[Records from a data collection]
+ + + + +

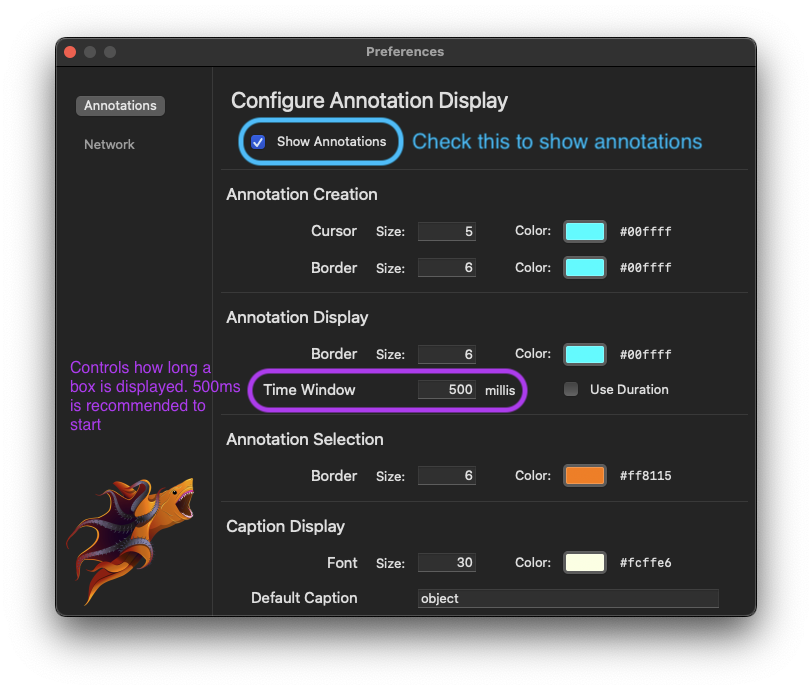 Sharktopoda 2 Annotation Preferences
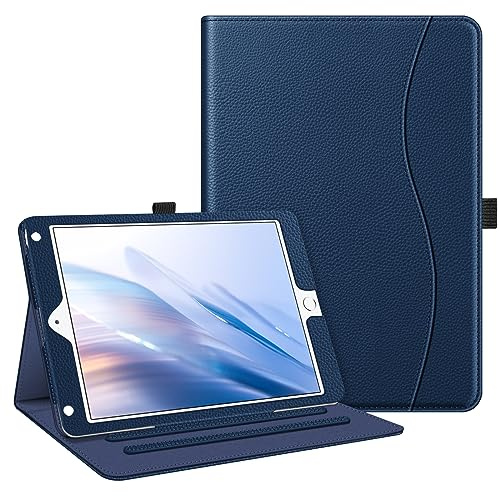 FINTIE Coque pour iPad 6e/5e Génération 9.7 Pouces (2018/2017) et iPad Air 2/Air 1 9.7 - Etui Multi-Angles Housse Folio avec Poche de Document, Bleu Marrine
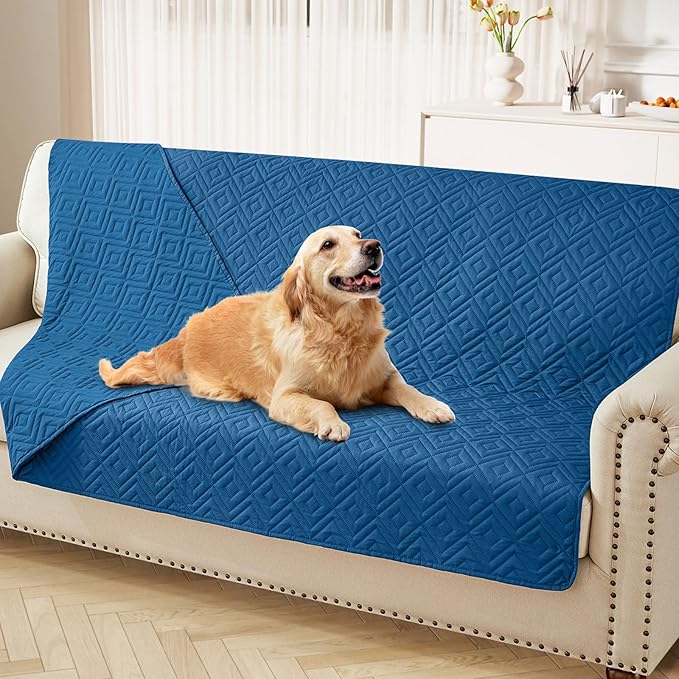 hyha Waterproof Dog Blanket, Soft Dog Bed Cover Pet Blankets, Waterproof Sofa Couch Cover for Dogs Washable, Reversible Pet Couch Covers for Sofa Furniture (68x82 Inch, Navy Blue/Navy Blue)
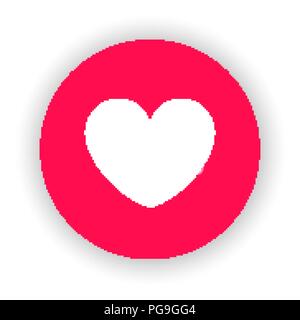 Red Icona cuore isolato su sfondo bianco Illustrazione Vettoriale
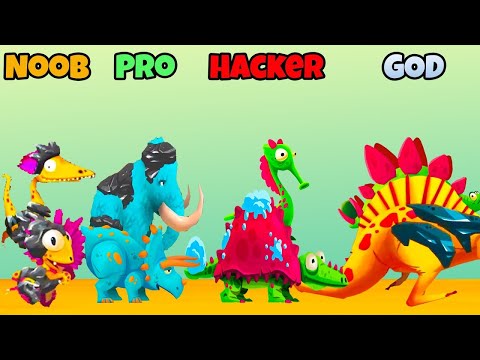 Dino bash - NOOB vs  PRO vs HACKER vs GOD unclock all dinosaurs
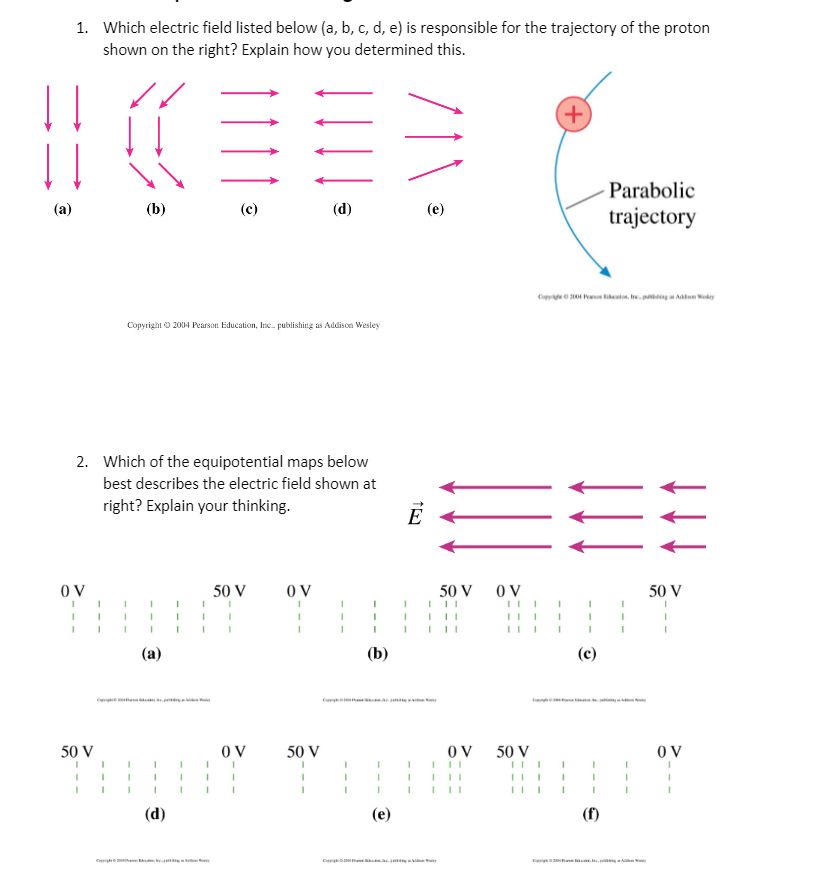 Solved 1. Which Electric Field Listed Below (a, B, C, D, E) | Chegg.com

+ + + + +

Description of the task: All lines from the line with "Dino bash - NOOB" through the final line of the data, both included, are to be repeated exactly; no other lines and no pictures.

Solution for this exercise:
 Dino bash - NOOB vs  PRO vs HACKER vs GOD unclock all dinosaurs
 Solved 1. Which Electric Field Listed Below (a, B, C, D, E) | Chegg.com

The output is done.